## TASK OBJECTIVE
Beneath this task are the entries; from the line with "ND license plate KLS853" through the last one, transcribe every line exactly and nothing else, skipping pictures.

[Short web captions]
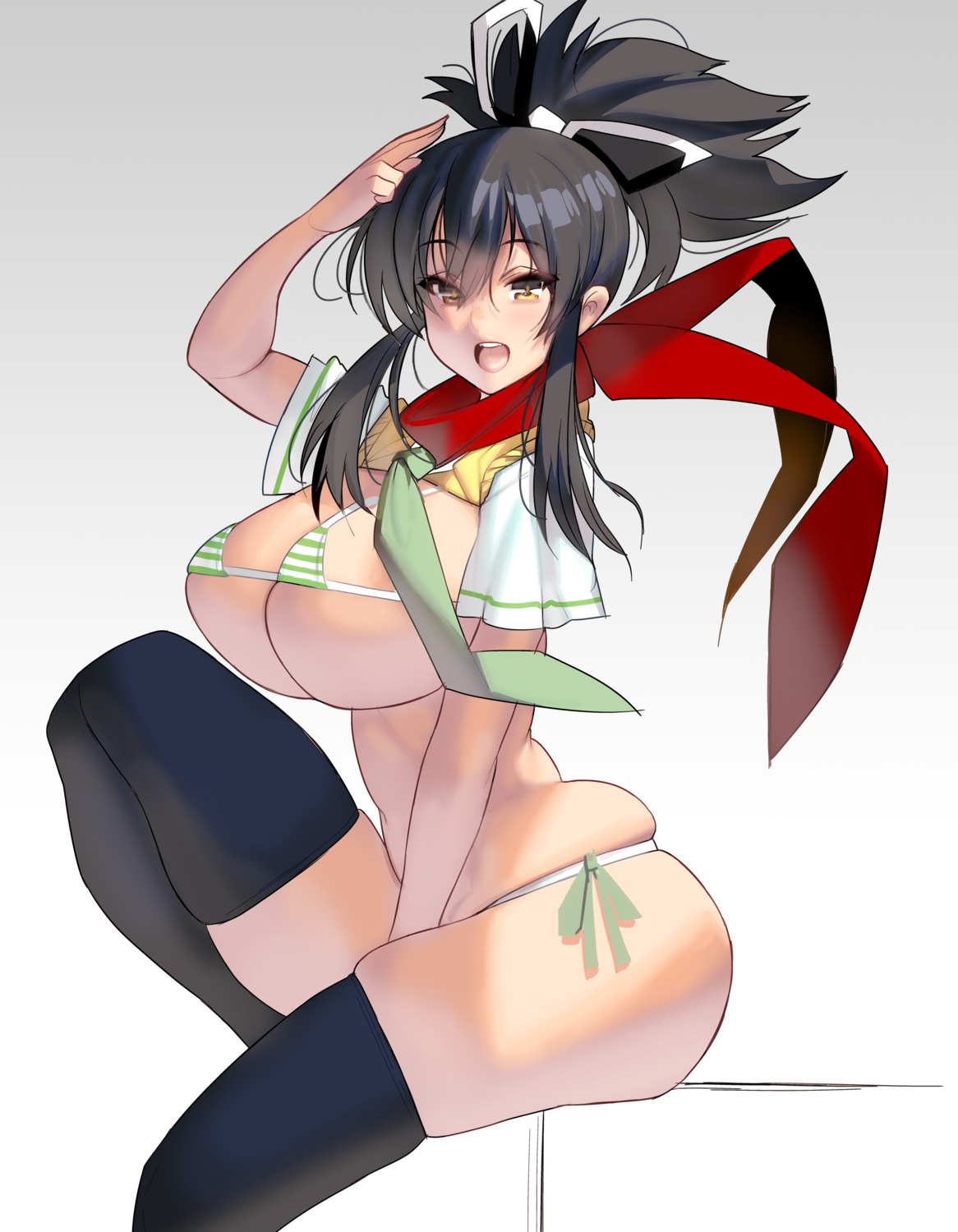 asuka_(senran_kagura) bikini masao seifuku senran_kagura shirt_lift sweater swimsuits thighhighs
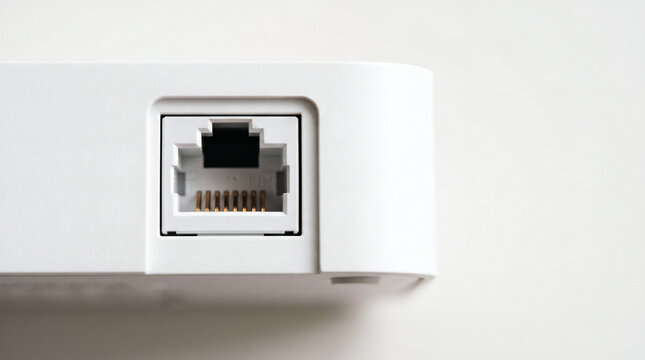 Close up of a white ethernet network port on an electronic device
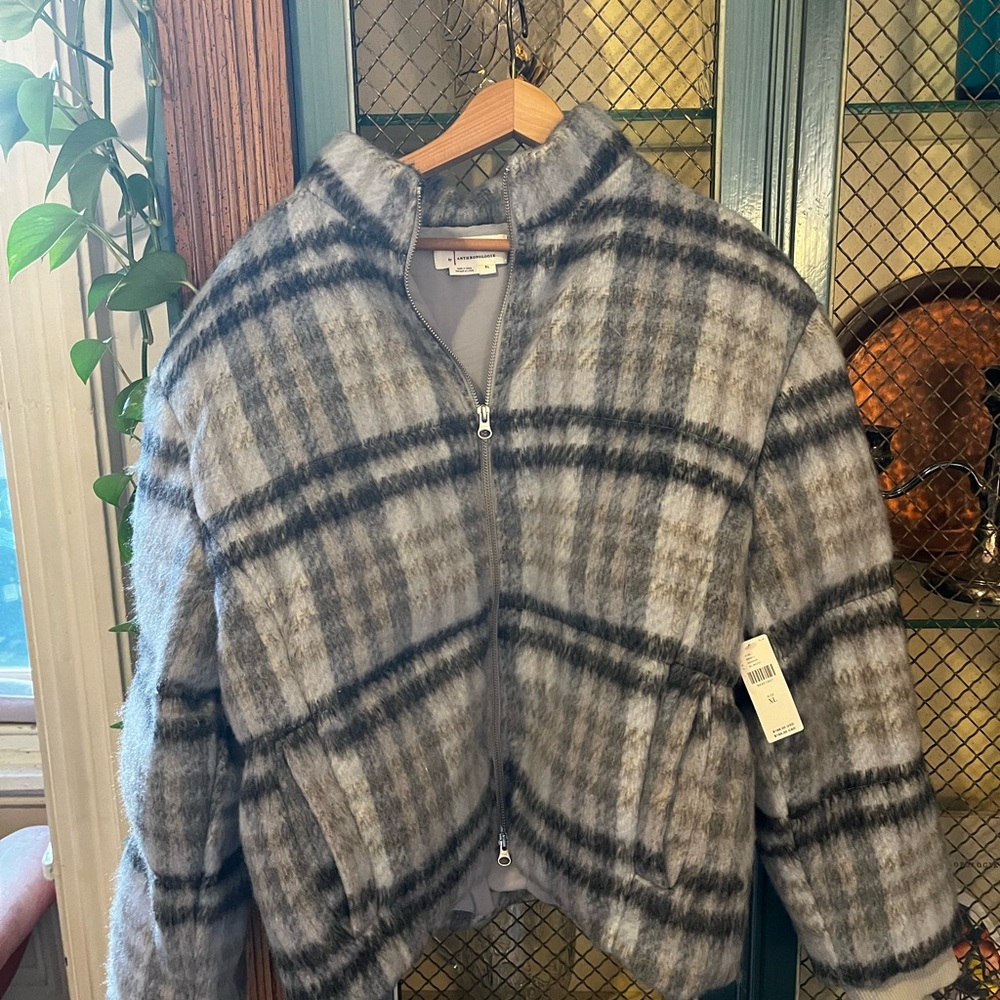 Anthropologie Gray Plaid Puffer Jacket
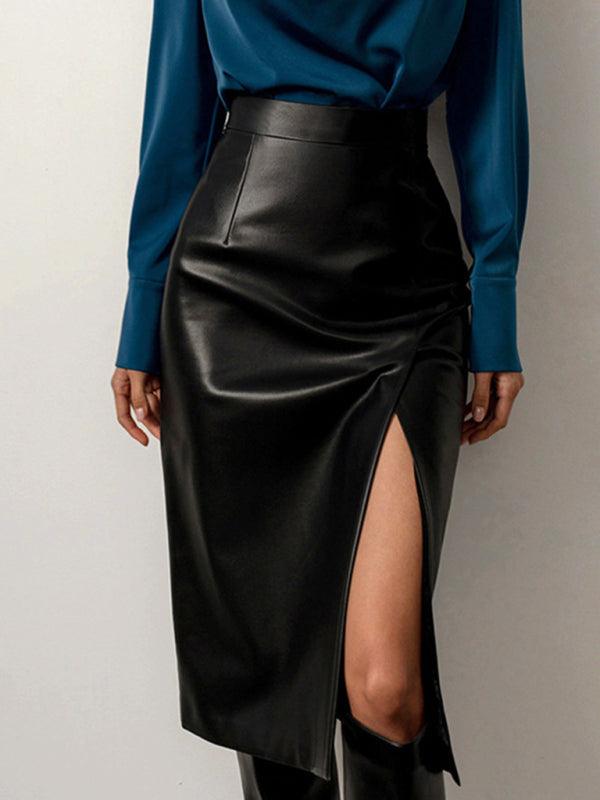 Women’s Faux Leather Midi Pencil Skirt With Front Slit Design - SALA
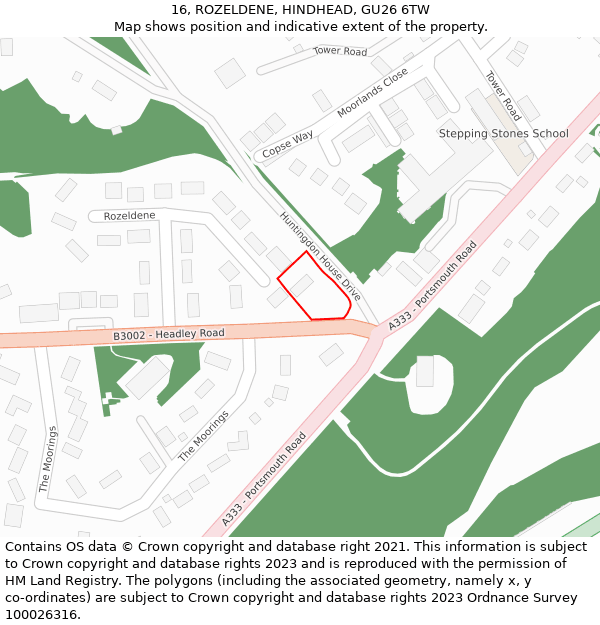 16, ROZELDENE, HINDHEAD, GU26 6TW: Location map and indicative extent of plot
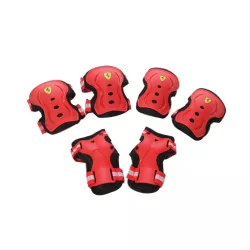  Ferrari® "M" méretű Piros színű Könyök + csukló + Térd védőfelszerelés szett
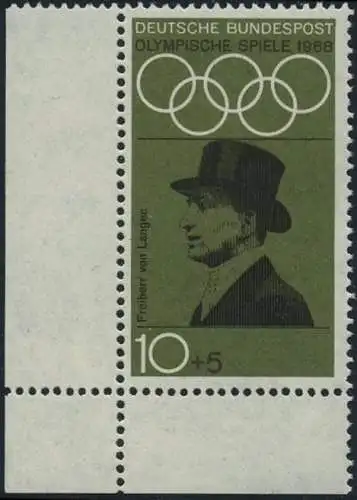 BUND 1968 Michel-Nummer 0561 postfrisch EINZELMARKE ECKRAND unten links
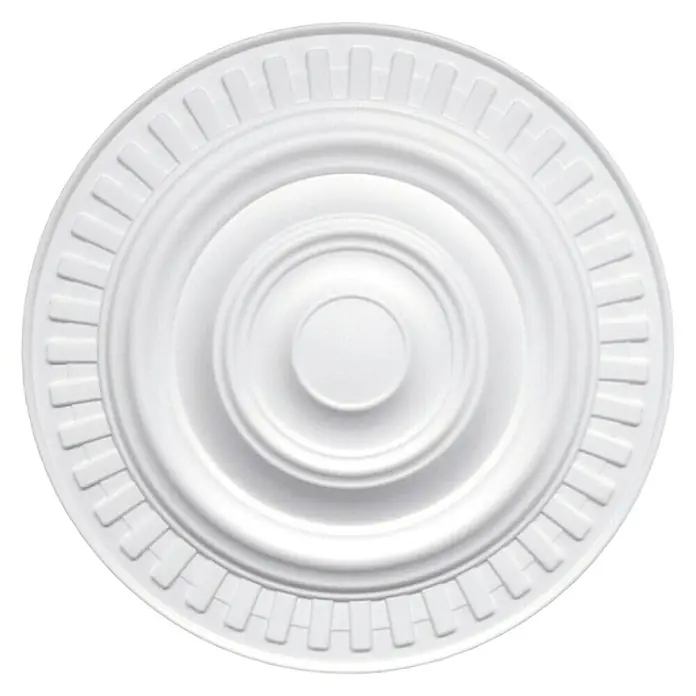 Rosette Gabi - Durchmesser: 37 cm, Polystyrol, Modern, Weiß - Weiße, runde Deckenrosette mit konzentrischen Kreisen und dekorativen Elementen. Schlichtes, elegantes Design für die Raumgestaltung.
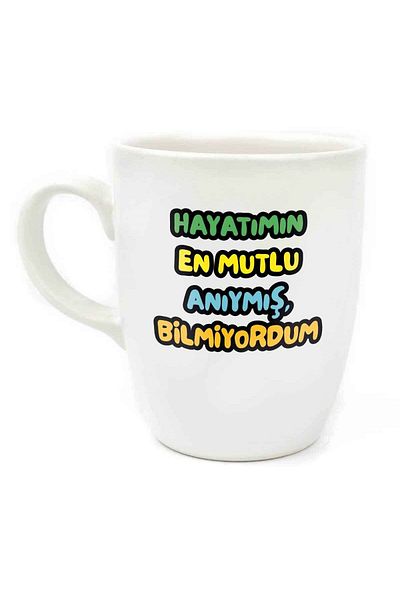 PALTO TASARIM My Life's Happy Memorized, I Wasn't Know Cream Oval Mug - Gift Ceramic Mug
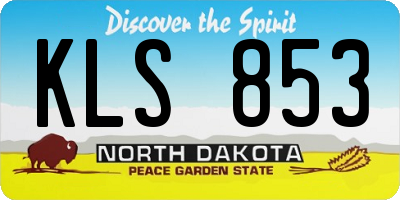 ND license plate KLS853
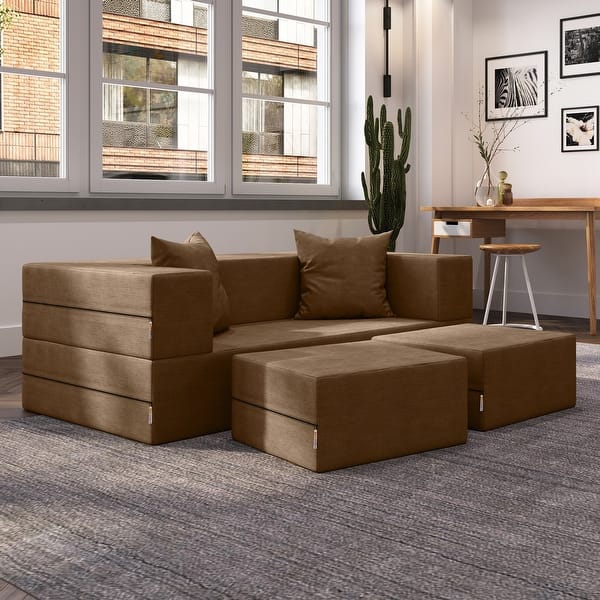 Jaxx Zipline Convertible Queen-size Sleeper Loveseat and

## EXERCISE RESPONSE
 ND license plate KLS853
 Jaxx Zipline Convertible Queen-size Sleeper Loveseat and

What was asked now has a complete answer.